In the immediate post-Treaty period the anti-Treaty or Republican forces had greater numbers and were more powerful than the Provisional Government Army but the Republican Army suffered from major disadvantages. It had no barracks nor food supplies, had no recognised uniform and received no daily pay. Meanwhile, two experienced military officers, Emmet Dalton (ex-British army) and J.J. O’Connell, (ex-U.S. army) began quickly to build up a paid, uniformed army loyal to the Provisional Government. In a period of high unemployment there was no scarcity of recruits – many were ex-British army. A plentiful supply of guns, ammunition and vehicles was made available to the Provisional Government Army by the withdrawing British forces. Volunteers with previous I.R.A. service were automatically promoted to officer rank on joining the Provisional Government Army.
In April, Field Marshal Sir Henry Wilson publicly declared that “the 26 counties of the South and West were reduced to a welter of chaos and murder difficult to believe, impossible to describe”. Wilson painted a very dismal picture of conditions in the South but remained silent on the far worse situation in the North for which, as Collins felt, Wilson was in large part responsible.

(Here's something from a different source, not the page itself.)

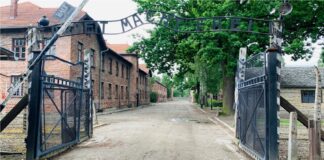 Policja zabezpieczyła nieśmiertelnik więźnia z Auschwitz obóz Auschwitz Birkenau nieśmiertelnik identyfikator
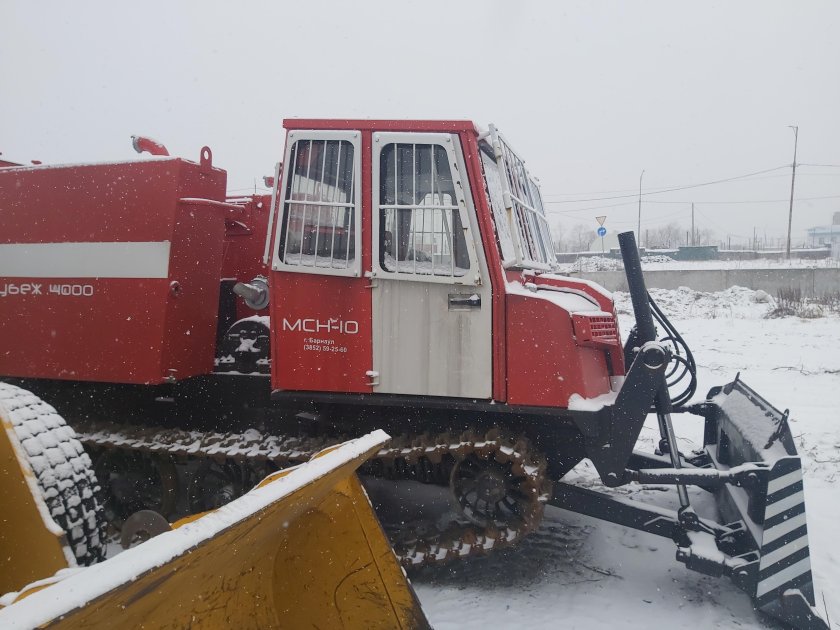 Рубеж 4000 трактор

In late May, on one of Collins’s frequent visits to London with Griffith and Cosgrave, Churchill could not meet them immediately but gave them tickets to attend the House of Commons. There they saw a stormy session with Sir Henry Wilson challenging Churchill: “What”, asked Wilson, “were the British troops in Dublin doing?… They are not there to keep order – because they are not allowed to keep order”. Wilson then shouted another question; “Were not the Colonial Secretary’s reports to the House from end to end an admission that every single development of the Irish problem had been mis-calculated”.
Churchill replied “We shall not under any circumstances agree to deviate from the Treaty” and he added: “The outcome of the election now scheduled for 16thJune will go far towards clarifying the situation”. Wilson shouted back “The Colonial Secretary says we can wait. Can we? All this time murders are going on at the rate of six or seven a day”. Churchill answered: “I think there are only three of four murders in Southern Ireland in the last ten days. The number has been larger in Northern Ireland”.
The increase in lawlessness and the danger of a complete break-down in public order worried both the Provisional Government and the British Government and Ministers of the latter were subjected to constant attack in Parliament by Conservative members who claimed that vital British interests had been surrendered in the Treaty.